24/11/2025
This evening I reheated half of the spaghetti bolognese I’d cooked yesterday – one of those simple, home-cooked meals to get us a couple of meals through the week without too much faff.
“Mum… is that a mushroom?”
I had to answer honestly: yes, it was.
I’ve never been one for sneaking things into food. I say this as the parent of a child with ARFID, so believe me, I understand the desperation, the negotiations, the wanting them to eat anything at all. But long ago I chose honesty over hiding, because trust is far more important than getting one extra vegetable into a meal.
“Why have you put mushrooms in the spag bol?”
And I said simply, because I like mushrooms, so I wanted to put them in our meal.
Numbers 2 and 3 could not compute this information at all. Why, on earth, would I put something they *don’t* like into something they *do?*
And my answer was this: because sometimes it’s good to revisit the things we’ve decided we don’t like, just to see if that’s still true. Not unsafe things. Not forced things. Just the old, quiet rules we made for ourselves a long time ago that might not even apply to who we are now.

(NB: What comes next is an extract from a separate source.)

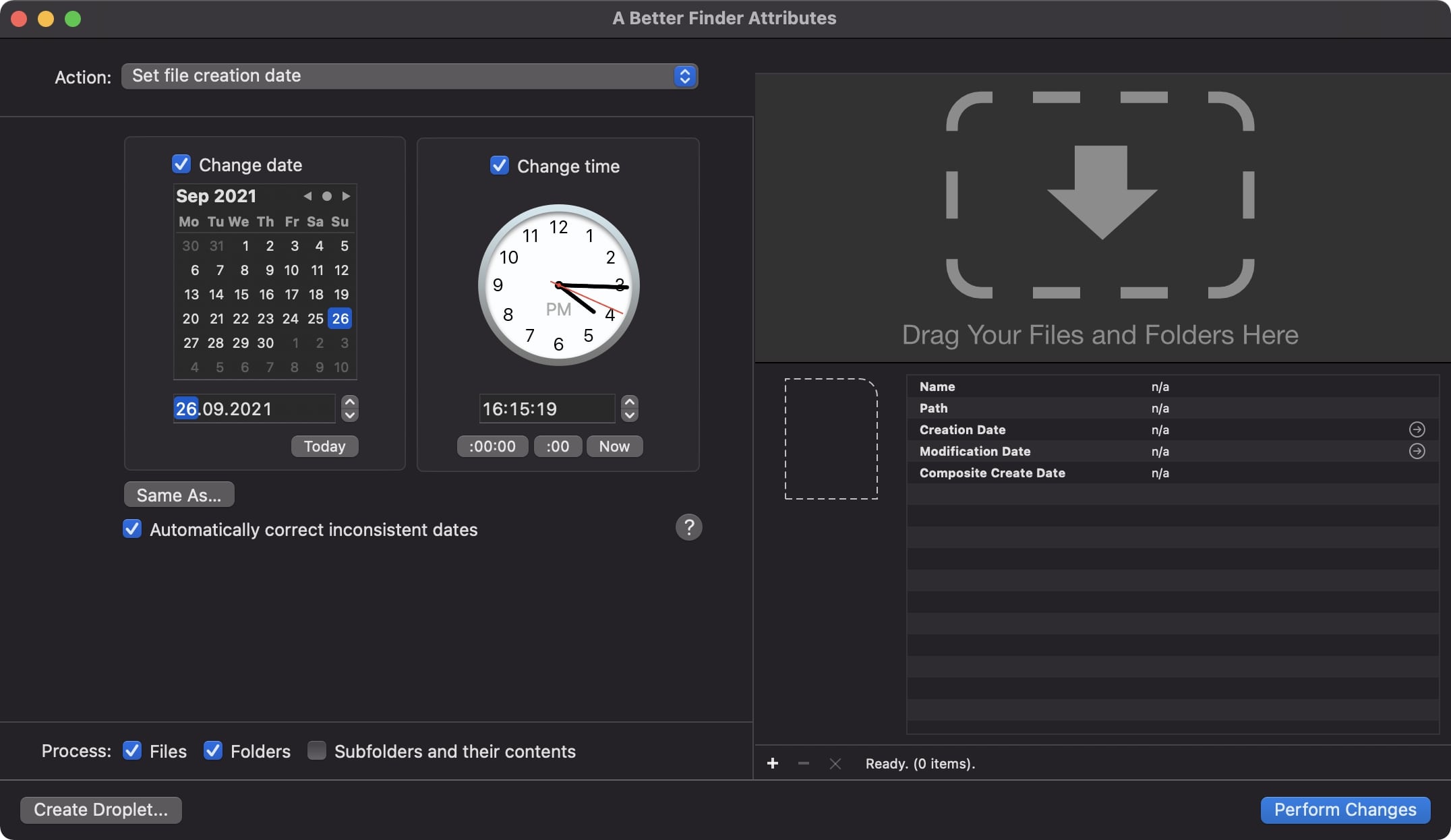 Скриншот A Better Finder Attributes Скриншот A Better Finder Attributes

“I went in the sea this year for the first time in over twenty years,” I told them. “I’d decided, somewhere along the line, that I just didn’t like the sea. It became a rule I never questioned. And yes, let’s be clear, I’m still not planning on doing anything wild out there. You won’t catch me diving into waves or swimming miles out. Knees-in is still very much my limit… but it turns out I don’t hate it the way I thought I did.”

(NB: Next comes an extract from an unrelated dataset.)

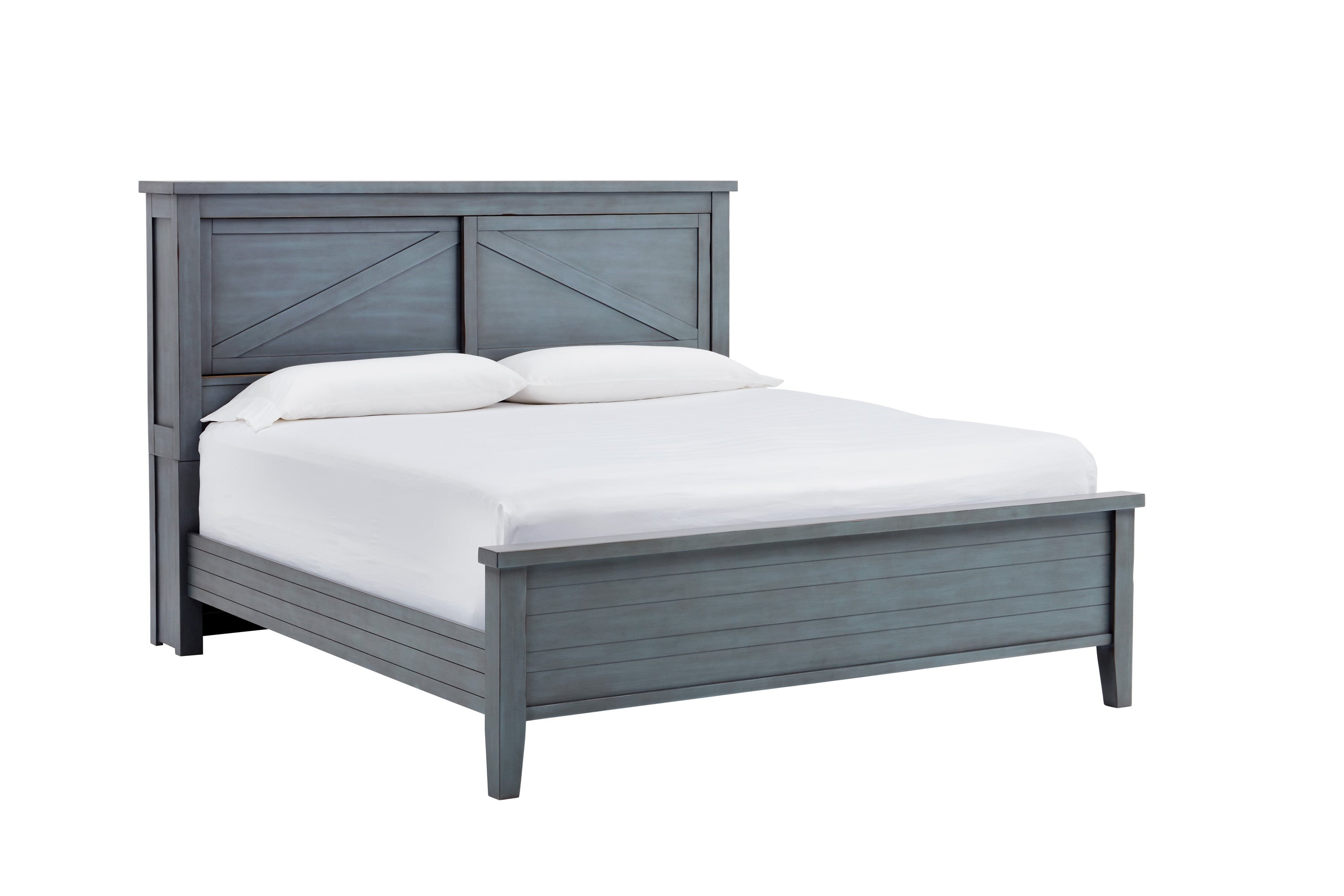 Bookcase headboard deals king bedroom set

Who I was twenty years ago is not who I am now.
Number 3, meanwhile, had very carefully and methodically picked out every single mushroom from his portion, creating a tiny, very neat pile on the side of his plate.
“I’m not eating them,” he said, calmly.
And that was absolutely fine.
Number 2 added, “Just because I’m eating them tonight, doesn’t mean I like them. And it definitely doesn’t mean I want them in the next spag bol.”
Also fine.
Because that was never the point.
The point wasn’t to force change. It was simply to plant the idea that our preferences, our tolerances, our boundaries and even our fears… they’re allowed to evolve.
This year, I’ve been quietly challenging myself in lots of small, manageable ways. Only where it feels safe. Only where it feels possible. Only where it matters. I’m not trying to become a different person. I’m just allowing a little more curiosity into the person I already am.
And the most special part? I shared that moment in the sea with a very excited Number 4, who’d never seen her mum go in before. We stood there together, side by side, feeling the cold water against our legs, half laughing, half shrieking, completely alive in the moment.
Not because I had to prove anything.
But because sometimes, it’s okay to rewrite an old rule.
Emma
The Autistic SENCo
♾️
Photo: Number 3 sat on a lock beam eating his lunch quickly as the lock filled with water.